Vincere la Premier League a Leicester con una rosa di ex liberi professionisti, che hanno raggiunto la salvezza all’ultima giornata lo scorso anno e che “valgono”, citando transfermakt.it, meno della metà di compagini come Chelsea, Manchester City e United, Liverpool, Arsenal o Tottenham, è davvero un’impresa che resterà agli onori della cronaca calcistica per anni e anni e che difficilmente sarà ripetibile.
Non perde tempo il sistema calcio italiano, e non solo se consideriamo i rapidi tweets di elogio di alcune delle figure più influenti della nostra società ad iniziare dal Presidente del Consiglio Matteo Renzi, per osannare senza vergogna e con fierezza il nostro concittadino.
La 6ª edizione del premio Bearzot, assegnato oggi a Ranieri dall’Us Acli col patrocinio della FIGC,  è l’ultima delle tante attestazioni di stima. Peccato che larga parte della Serie A di vertice ( Milan escluso )  ha denigrato e snobbato il lavoro dell’allenatore romano.
Perchè chi era Claudio Ranieri fine un mese fa? Era forse il vincitore della Supercoppa Europea del 2004? Della promozione dalla C alla A del Cagliari di inizi anni 90? Dei successi con Fiorentina e Monaco o forse l’unico allenatore tra la Serie B e l’era Conte capace di portare la Juventus in Champions League dopo il ritorno in Serie A?
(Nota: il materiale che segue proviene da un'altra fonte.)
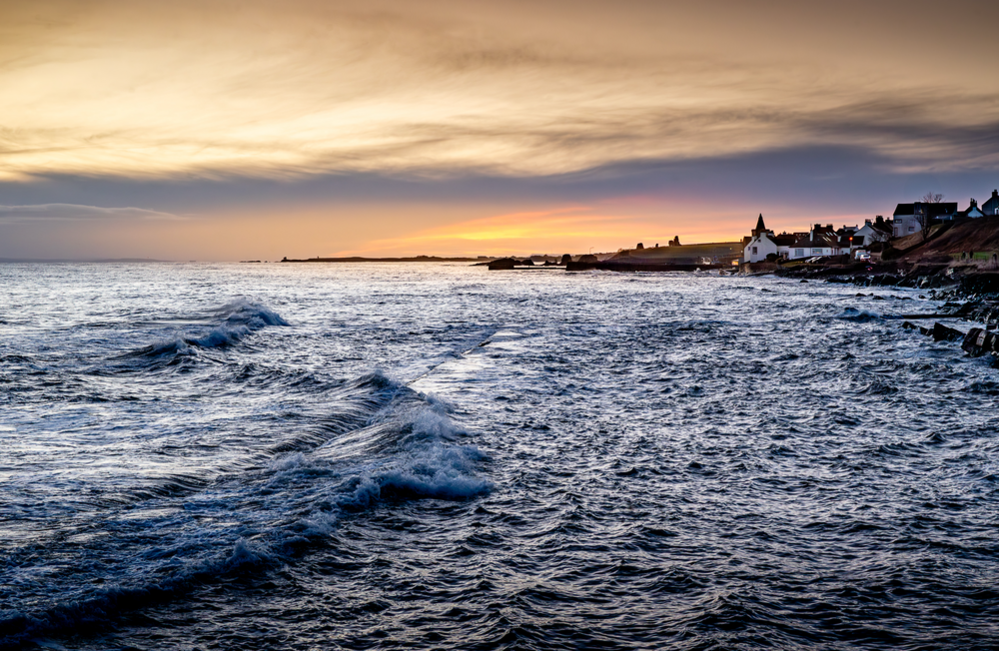 A sunset over the water. Waves lap the shore and a small village can be seen in the bay.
Nulla di tutto questo. Trenta giorni fa Sir Claudio, per alcuni, era semplicemente un allenatore da secondo posto, reduce dalla brutta performance in nerazzurro ( scaricato per il più giovane Stramaccioni ), da quella quella pessima come commissario tecnico della Grecia e delle anonime gestioni di Napoli e Atletico Madrid.
Ma anche il tecnico che è riuscito a salvare il Parma dalla Serie B ed ha rischiato di vincere un incredibile scudetto con la Roma, contro l’Inter di Mourinho, prima di essere scaricato dalla società giallorossa.
Menomale che, tra le macerie, emergono di tanto in tanto quegli esempi come Ranieri, che ci ricordano i fasti della scuola italiana ormai lontana nel passato. DILLY DING DILLY DONG GUYS, IT’S TIME TO WAKE UP!